» Assignment: Could you return all of the listing below exactly, please?

─── Recorded data ───

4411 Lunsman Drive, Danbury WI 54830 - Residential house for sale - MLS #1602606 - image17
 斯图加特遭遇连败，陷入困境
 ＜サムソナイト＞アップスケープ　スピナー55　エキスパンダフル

───

» Solution for this exercise:
4411 Lunsman Drive, Danbury WI 54830 - Residential house for sale - MLS #1602606 - image17
 斯图加特遭遇连败，陷入困境
 ＜サムソナイト＞アップスケープ　スピナー55　エキスパンダフル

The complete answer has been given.